Di “Bologna grassa”, della sua tradizione gastronomica e del suo mito inossidabile si è scritto tantissimo, con oscillazioni ad ampio spettro fra la ricerca d’archivio e il luogo comune, l’indagine sul campo e la leggenda d’occasione. L’autocompiacimento e il campanilismo hanno giocato un ruolo importante in queste ricostruzioni, che solitamente hanno affrontato il tema in termini di merito ossia dimostrando, o piuttosto postulando, l’eccellenza della cucina locale.
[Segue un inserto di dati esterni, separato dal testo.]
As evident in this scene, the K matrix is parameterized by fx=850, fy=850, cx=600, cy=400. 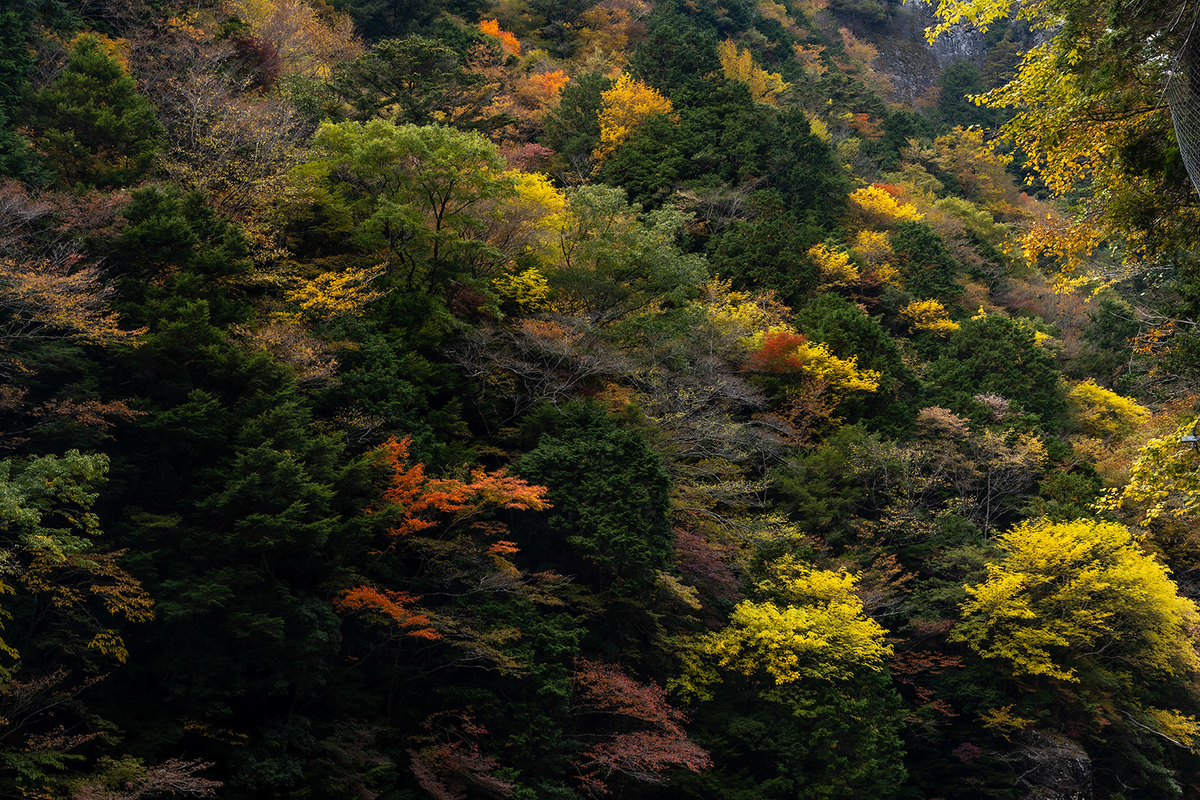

Questo libro, frutto di un convegno tenuto alcuni anni fa (ottobre 2000) all’Università di Bologna, vuole suggerire un’idea nuova e del tutto diversa: che l’immagine di Bologna capitale gastronomica, affermatasi nei secoli come elemento costitutivo dell’identità cittadina, si fonda non tanto sulla qualità intrinseca della cucina “locale” quanto sulla sua capacità di “mettersi in rete”, ossia di integrare questa identità in un complesso sistema di relazioni materiali e intellettuali, alimentato dalla dimensione internazionale che fin dal Medioevo caratterizzò la vita della città grazie alla presenza dello Studio - la più antica Università europea. Il caso di Bologna, lungi dal chiudersi in se stesso, diviene in tal modo paradigmatico di una più ampia riflessione: le identità culturali sono tanto più forti e radicate quanto più sono aperte all’esterno e quanto più si inseriscono in circuiti di scambio, di incrocio e di contaminazione.

Ciò, si badi, non esclude affatto che alla base del mito bolognese vi siano corpose motivazioni legate alla sua cucina e ai prodotti del suo territorio: i saggi raccolti nel volume lo mostrano, con riferimento alla documentazione scritta e iconografica, alla tradizione agronomica, alla letteratura e alla trattatistica locale. Ma proprio mentre si cercano le specificità di questa cultura, i tratti distintivi che consentano di giustificare l’eccellenza della cucina bolognese e l’immagine che essa si è conquistata nel mondo (“quando sentite parlare della cucina bolognese”, scriveva Pellegrino Artusi, “fate una riverenza, ché se la merita”), proprio allora ci si accorge che quella immagine non esisterebbe senza un contesto come quello dell’Università, senza una cultura dell’accoglienza e dello scambio che rappresenta, questa sì in modo forte e riconoscibile, il nodo centrale dell’identità cittadina.